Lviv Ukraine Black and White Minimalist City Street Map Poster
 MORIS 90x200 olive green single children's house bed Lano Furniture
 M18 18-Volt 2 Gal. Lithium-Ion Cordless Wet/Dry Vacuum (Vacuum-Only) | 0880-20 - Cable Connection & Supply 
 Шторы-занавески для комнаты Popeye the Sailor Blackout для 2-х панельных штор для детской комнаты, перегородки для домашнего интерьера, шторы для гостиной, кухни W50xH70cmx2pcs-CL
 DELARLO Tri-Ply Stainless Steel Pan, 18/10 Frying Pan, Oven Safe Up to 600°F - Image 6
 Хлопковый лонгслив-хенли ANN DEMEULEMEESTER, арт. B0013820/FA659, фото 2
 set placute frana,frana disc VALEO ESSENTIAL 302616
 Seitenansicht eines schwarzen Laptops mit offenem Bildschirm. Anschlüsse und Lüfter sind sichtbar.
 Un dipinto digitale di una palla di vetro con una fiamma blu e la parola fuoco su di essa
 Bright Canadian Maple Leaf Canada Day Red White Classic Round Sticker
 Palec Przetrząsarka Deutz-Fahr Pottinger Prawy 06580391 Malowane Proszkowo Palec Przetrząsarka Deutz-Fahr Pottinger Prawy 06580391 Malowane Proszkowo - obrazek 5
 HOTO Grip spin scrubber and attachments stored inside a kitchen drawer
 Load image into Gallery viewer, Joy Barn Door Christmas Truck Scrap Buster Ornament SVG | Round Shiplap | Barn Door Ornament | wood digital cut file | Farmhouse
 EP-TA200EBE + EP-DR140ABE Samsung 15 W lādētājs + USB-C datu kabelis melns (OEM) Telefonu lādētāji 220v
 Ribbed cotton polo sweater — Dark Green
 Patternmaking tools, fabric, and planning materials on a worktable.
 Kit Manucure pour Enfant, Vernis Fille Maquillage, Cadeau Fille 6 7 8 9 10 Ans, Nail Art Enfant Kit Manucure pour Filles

### Assignment
The answer is the lines above between the line holding "M18 18-Volt 2" and the line holding "Un dipinto digitale", inclusive, each written out exactly, and no others.

### Output below
 M18 18-Volt 2 Gal. Lithium-Ion Cordless Wet/Dry Vacuum (Vacuum-Only) | 0880-20 - Cable Connection & Supply 
 Шторы-занавески для комнаты Popeye the Sailor Blackout для 2-х панельных штор для детской комнаты, перегородки для домашнего интерьера, шторы для гостиной, кухни W50xH70cmx2pcs-CL
 DELARLO Tri-Ply Stainless Steel Pan, 18/10 Frying Pan, Oven Safe Up to 600°F - Image 6
 Хлопковый лонгслив-хенли ANN DEMEULEMEESTER, арт. B0013820/FA659, фото 2
 set placute frana,frana disc VALEO ESSENTIAL 302616
 Seitenansicht eines schwarzen Laptops mit offenem Bildschirm. Anschlüsse und Lüfter sind sichtbar.
 Un dipinto digitale di una palla di vetro con una fiamma blu e la parola fuoco su di essa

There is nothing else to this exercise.